The data:

---

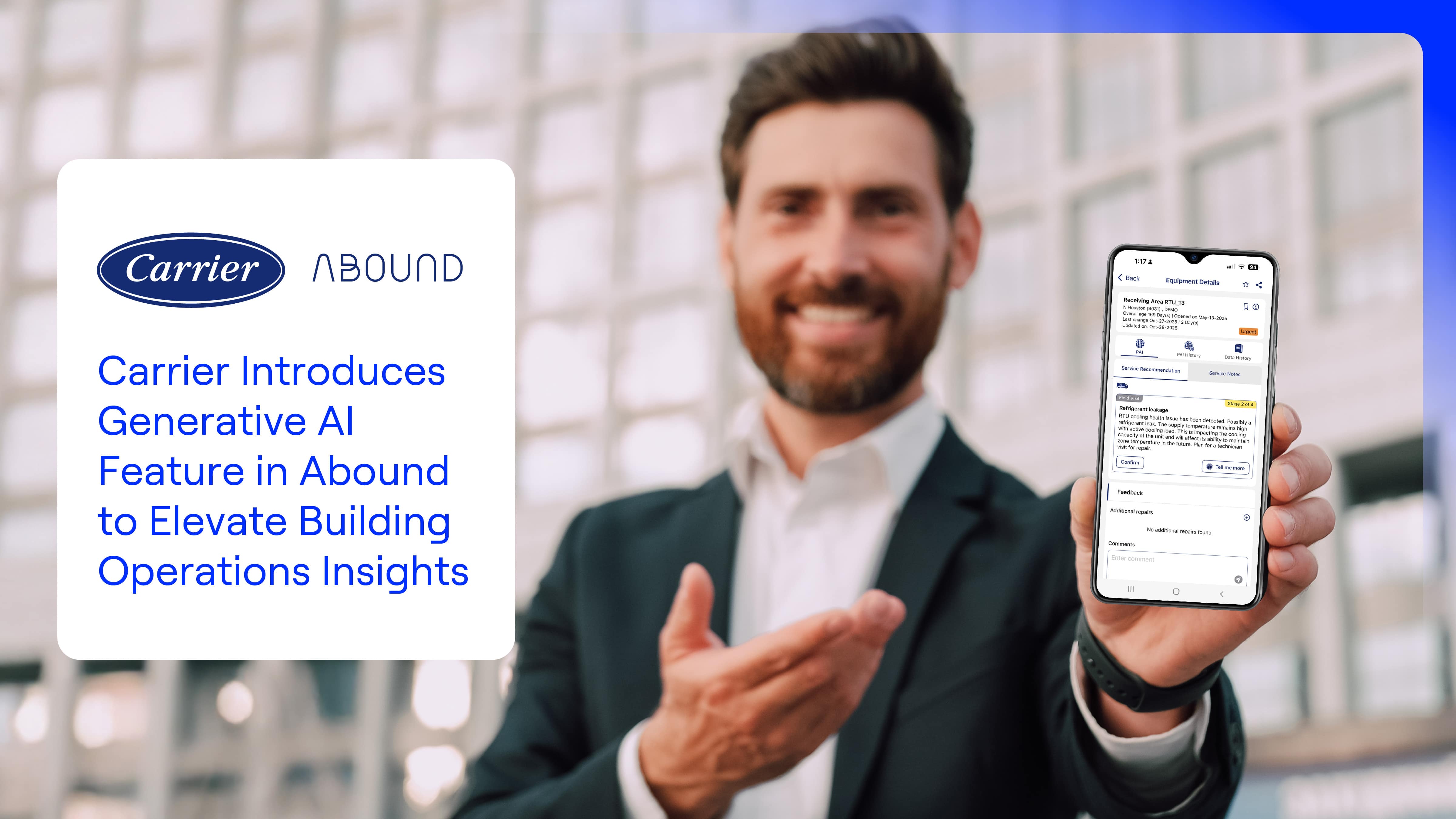 man-holding-mobile-phone-in-office-16x9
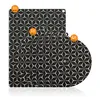 A stack of black and white geometric patterned induction hob covers. Anteprima dell’immagine prodotto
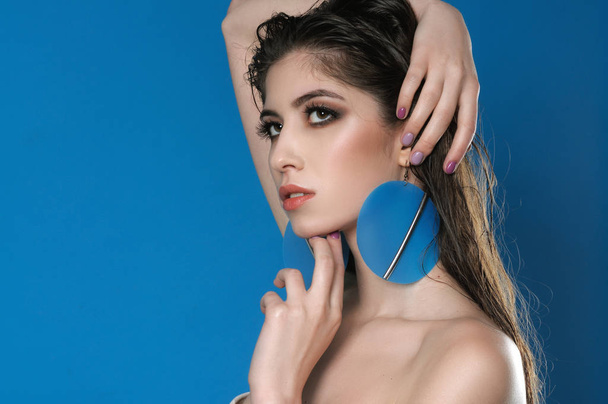 Portrait of a beautiful girl with big round blue earrings - Fotografie, Obrázek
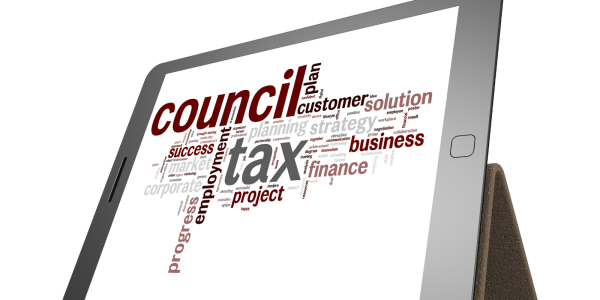 A tablet showing word art of the word 'COUNCIL TAX' surrounded by other associated words. 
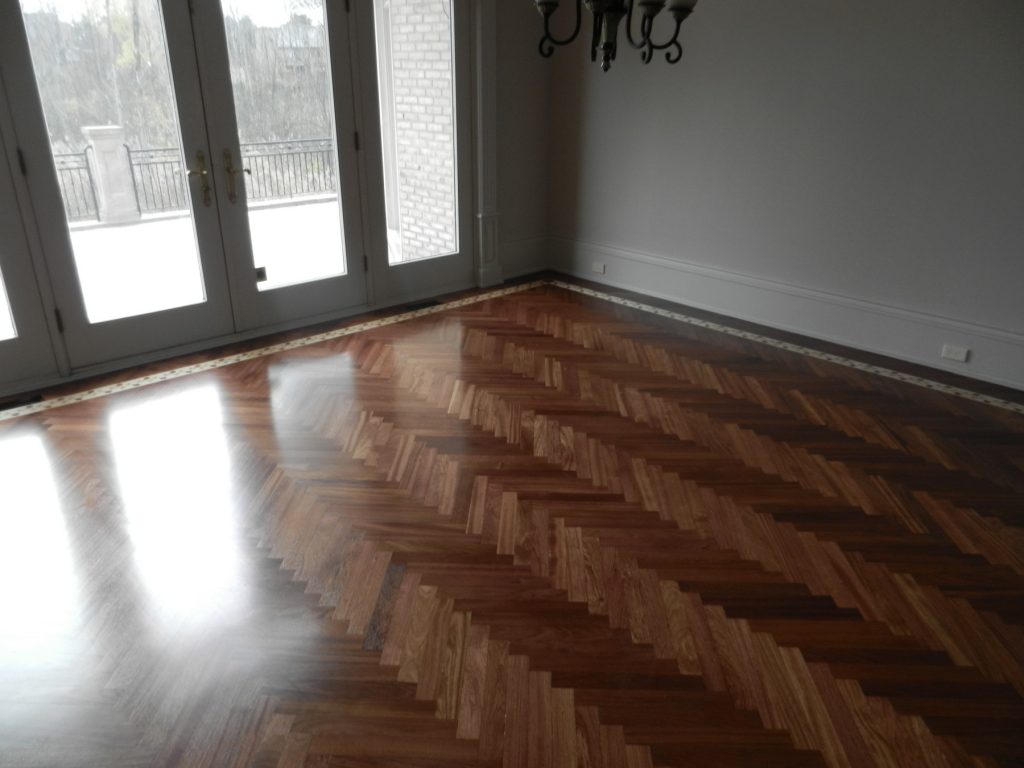 Dark stained herringbone hardwood floor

---

What is needed: The expected result is every record above, word for word, with no pictures in it.

Answer:
 man-holding-mobile-phone-in-office-16x9
 A stack of black and white geometric patterned induction hob covers. Anteprima dell’immagine prodotto
 Portrait of a beautiful girl with big round blue earrings - Fotografie, Obrázek
 A tablet showing word art of the word 'COUNCIL TAX' surrounded by other associated words. 
 Dark stained herringbone hardwood floor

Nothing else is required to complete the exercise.